Category: The Emperor's Edge Series - Lindsay Buroker
Genre: Forum: Emperor's Edge, Gen
Language: English
Status: Completed
Published: 2019-12-31
Updated: 2019-12-31
Packaged: 2021-02-27 03:41:08
Rating: General Audiences
Warnings: Creator Chose Not To Use Archive Warnings
Chapters: 1
Words: 1,016
Publisher: archiveofourown.org
Story URL: https://archiveofourown.org/works/22040485
Author URL: https://archiveofourown.org/users/loathlylady/pseuds/loathlylady
Summary: Basilard before.***Originally posted on The Emperor's Edge forums as part of the Santacarius exchange before the forums were taken down. Going through my files to archive stuff here!
Kudos: 1





	Hart

The hunter crouched among the bracken, the odor of the ferns sharp in his nose. It would fill the nose of any passing deer, too, and help to disguise his smell. Not completely, but enough that if the wind changed while he waited, the deer might still come close enough for him to get a shot with his bow. It was early autumn, and the summer-fat creatures should be preoccupied with getting fatter for winter — the acorns lying thick on the ground less than a bow’s shot away would lure them to him, and they would be too distracted to notice the bracken shudder as he stood and released his arrow.

  
Across the clearing made by the oak’s spreading branches, the ferns quivered and then parted. A sleek young buck emerged from their cover. The hunter leaned forward, poised on the balls of his feet, but then made himself settle back down and wait. His grandfather had taught him that deer were like women — rushing would scare them off. Better for them to get comfortable and come to you. Some things, his grandfather said, were worth waiting for.

  
He pressed a smile into the shoulder of his leather tunic before it could turn into a laugh. It hadn’t made much sense when he was a boy, but experience had proven his grandfather correct. His wife had certainly been worth waiting for, but he would not let her know about his grandfather’s saying. He did not think the comparison would please her.

  
After a long moment of twitching ears and flaring nostrils, the buck bowed his head and started lipping up the acorns. He looked as if he had fared well during the summer, and was young enough that his meat would be tender still. A prize. Fat would sizzle in the fire like rain hissing against a tent when they roasted him.

  
The hunter pushed his thick, blond braid over his shoulder, letting it fall down his back. With the buck’s head turned away from him, he nocked his arrow and rose smoothly and silently from the ferns. When the deer did not bolt, he found his target and released the arrow.

  
The arrow struck the buck’s side, and instead of falling to the ground as expected, the buck sprang into the bracken, lost from sight in a single bound.

  
Without stopping to curse his luck, the hunter trotted after the buck.

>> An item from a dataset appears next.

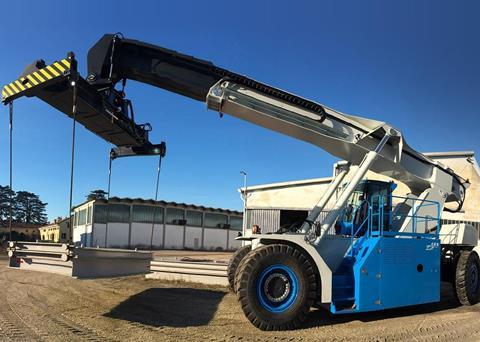 The Heavy-Duty Reach Stacker VRS-K sports a movable lifting capacity of 150 tonnes, apparently a first in the market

His arrow had not found the heart, only the lungs. He could have hours of tracking ahead of him, if he found the creature at all.

  
He followed the trail of blood droplets and broken fern fronds through the forest. It led downhill toward the stream that separated him from his wife and cousin, collecting the last of the season’s fruit from the trees that grew on the southern side of the mountain valley. They were far enough away that their presence would not interfere with his hunting, and he was to re-join them when he was done.

  
After nearly a mile of trudging through undergrowth and bracken still damp with the previous night’s rain, he found the young deer caught in a tangle of washed up branches at the stream’s edge, where the buck had to tried to leap across. The buck attempted to rise up again when the hunter drew near, but he did not have the strength and collapsed against the branches. His eyes were wide and alarmed, his body tense and quivering. Bloody foam flecked his lips, and his breathing was stertorous and uneven. He was near the end, but could last for hours yet, slowly bleeding and in pain.

  
“Shhh,” the hunter said, crouching behind him to avoid flailing legs and hooves in what was to come. He slid his hand along the buck’s tense shoulder as he undid the tie that held his hunting knife in its sheath. The muscles bunched beneath his hand and the buck’s dark eyes rolled in panic as the hunter slipped his hand up the creature’s neck and found the notch behind the jawbone. He grabbed the deer firmly around the muzzle, extending the neck, and then sliced deeply behind the jawbone to let the buck’s life blood flow quickly and mercifully into the stream.

  
The hunter stepped back out of range of the buck’s small antlers and waited for him to finish his kicking. The cut stole the buck’s voice, and all was silent as he watched. He regretted his poor shot. He had had the time and opportunity to make this a brief death, and still he had not achieved it. His grandfather would have some saying about this, but if that did not help, he would speak to the priestess in his tribe to find out how he might balance this guilt. It was one of the risks of hunting, but — he sighed soundlessly. His family needed the meat and the skin for winter. The prospect of fat hissing in the fire no longer seemed so welcome.

  
When the buck’s eyes had grown dim and inert, the hunter came forward again after cleaning his knife off on a tuft of grass at the stream’s edge. He removed a length of braided leather rope from his belt and used it to haul the carcass up the steep bank. Throwing the rope over a branch, he hoisted the dead deer up for butchering.

  
As he was tying the butchered meat up in the skin to carry it back to the village, a sound like a tree branch cracking from the weight of too much snow came from the other side of the stream. He raised his head, heart hammering sickly in his throat. Only Turgonians had anything that would make a noise like that, this time of the year. It had been far in the distance, but not too far. The fruit trees on the southern slope of the valley.

  
The noise came again, and then the sky was alive with shrieking and screaming birds rising to the south, so loud the distance barely dulled the noise.

  
His wife. His cousin. _Slavers_.


End file.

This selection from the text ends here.